Motherboard upgrade and case transfer done, I mean it only took me 7 hours...
I actually wonder how long on average does one build a pc?
As for the under the table photo, I forgot to take photos during the build; surprisingly exhausting.
A rebuild also fixed a problem of mine for sometime: my Deepccol Assassin 3 has a hard time cooling an 10900F running at 200w at 90c and under with two fans. Turns out I was being way too lenient with the thermal paste. Adding more (I couldn't even be fucked to clean off the previous application) fixed the issue. The cooler now performs along the same lines as I've seen in reviews.
Also MSI's Mystic Light can only control the gpu (I mean it has to given I'm using an MSI card) and the ram, but not the mobo or fans oddly; man rgb software really sucks ass.
And the case fans are running at max since pwm control isn't available if you run it through Fractal's fan hub; I did plug fan beside a pump header, which was right beside the cpu fan header, so 100% speed was probably permanent. Software control from Windows seems impossible; I hope bios will yield better luck.
Lastly I expected gpu temps under full load, all 400w of it, to increase since it loses the vertical air flow of the O11 Air Mini. Surprisingly it ran a few degrees cooler, probably just slightly lower ambient.
(And yes I will give the case a clean wipe sometime this week, dusty as hell this one)
The following day, this past Sunday, I upgraded my sister's rig from my ancient and piss slow X370, R5 1600, 2400 Mhz 16gb.
She wanted a ram upgrade, I ditched Zen 1 since finding QVL ram was difficult and Zen 1 was notoriously picky with memory.
My Asrock X370 Killer SLI mobo was shit too, mediocre build quality and only supported only up Ryzen 3000; I doubt it'd support a Ryzen 9 OCd though.
Since Canada Computers was running a bundle for a Z590 Asus Tuf and an 11600k for $330 Cad it was quite a nice deal; that particular Z590 board was kinda ass though, only 6 usb ports at the back and no Wifi.

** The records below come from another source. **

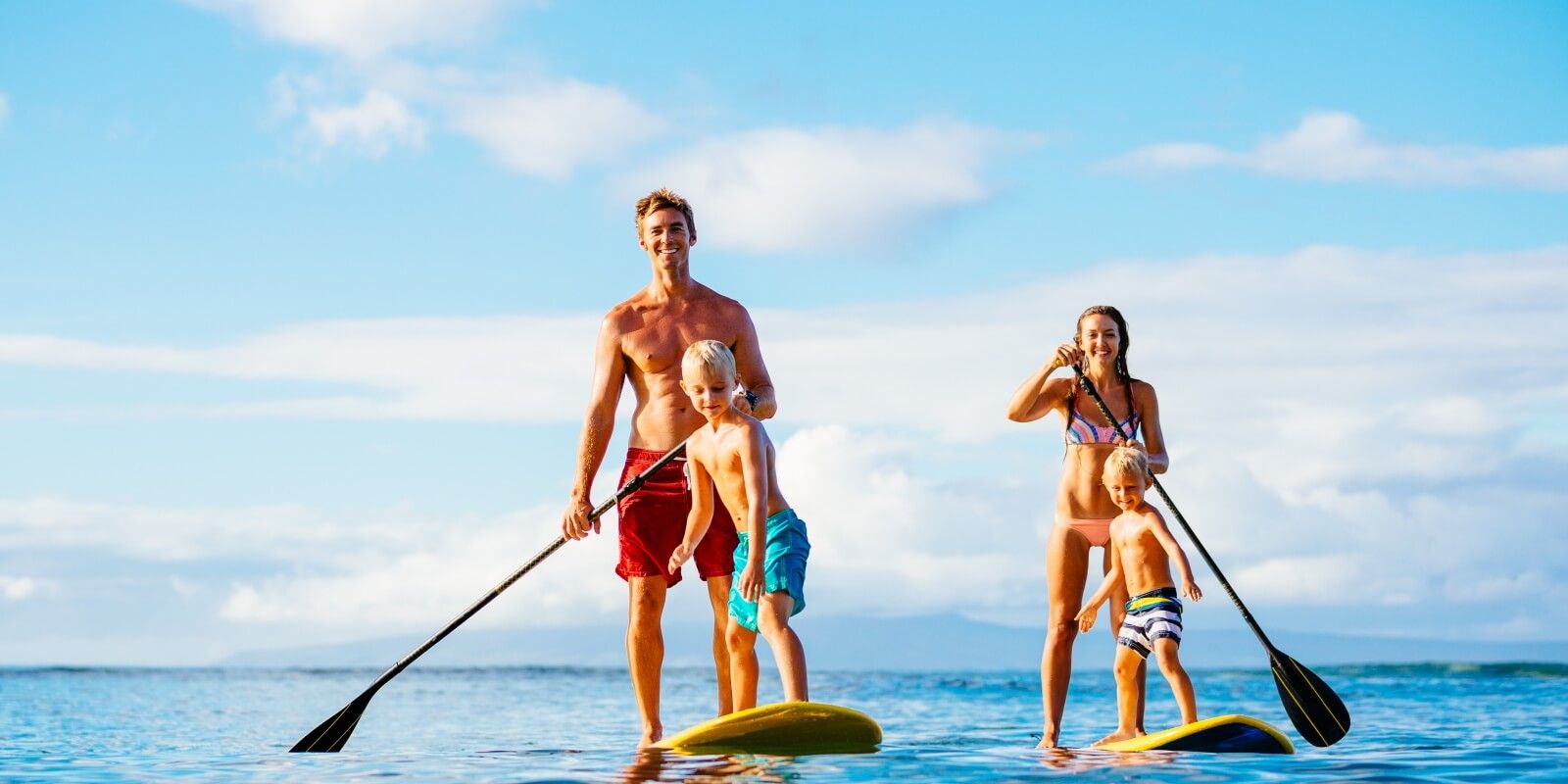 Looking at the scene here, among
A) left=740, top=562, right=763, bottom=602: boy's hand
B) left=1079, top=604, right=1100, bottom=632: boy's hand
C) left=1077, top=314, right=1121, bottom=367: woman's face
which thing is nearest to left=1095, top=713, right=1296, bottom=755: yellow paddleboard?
left=1079, top=604, right=1100, bottom=632: boy's hand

Build quality was really good, but not Strix good obviously, so it was substantially better than the X370 board it replaced.
Bought 3600 Mhz 16x2 ram kit too, but it went into my rebuild and gave my 3200 Mhz 8x4 ram to this build.

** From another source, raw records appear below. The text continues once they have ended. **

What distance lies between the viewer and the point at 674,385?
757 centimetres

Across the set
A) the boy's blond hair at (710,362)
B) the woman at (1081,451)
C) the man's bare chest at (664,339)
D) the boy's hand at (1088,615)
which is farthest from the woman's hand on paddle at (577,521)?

I didn't oc this build, just tweaked the settings so that MCE won't overwhelm this cooler; R23 score was 10000-ish multicore.

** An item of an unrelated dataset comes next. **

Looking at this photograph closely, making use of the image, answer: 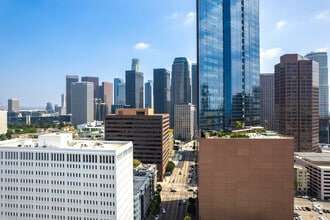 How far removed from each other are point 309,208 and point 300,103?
86111mm

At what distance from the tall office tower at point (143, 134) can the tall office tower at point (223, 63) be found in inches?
1596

The O11 Air Mini was quite frustrating to work in for one simple reason: the expansion slots.
Getting access to the screws was impossible; a ratchet or some 90 Degree screwdriver was needed if you wanted to drive in screws with the screwdriver properly seated in. Since I didn't have a ratchet and wasn't about to go our and buy once since it -20c last weekend I just made do.
Given my experience with these two builds, I'm pretty burnt out from tweaking pcs for near future.
Possible plans for the near future:
- Finally get a 4tb M.2 Drive (the XPG SX8100 4TB PCIe 3 is currently sitting at $300 Cad; god knows about drive reliability on this one though or get Crucial P3 4TB PCIe 3 for like $340 Cad, at least this one I can trust.)
- A 4090; preferably either a Suprim, Tuf, or Founders. More so on the Founders because it's unique, then Tuf because 600w limit, then Suprim.
- Or a new case, one that's a massive downsize while retaining ATX compatibility; short list includes Cerberus X, Jonsbo D41 Mesh, Sliger Trego (though this once still seems like a concept).
- Turn that old X370 platform into an htpc, I have another 1080 Ti; just need a new ssd and a psu.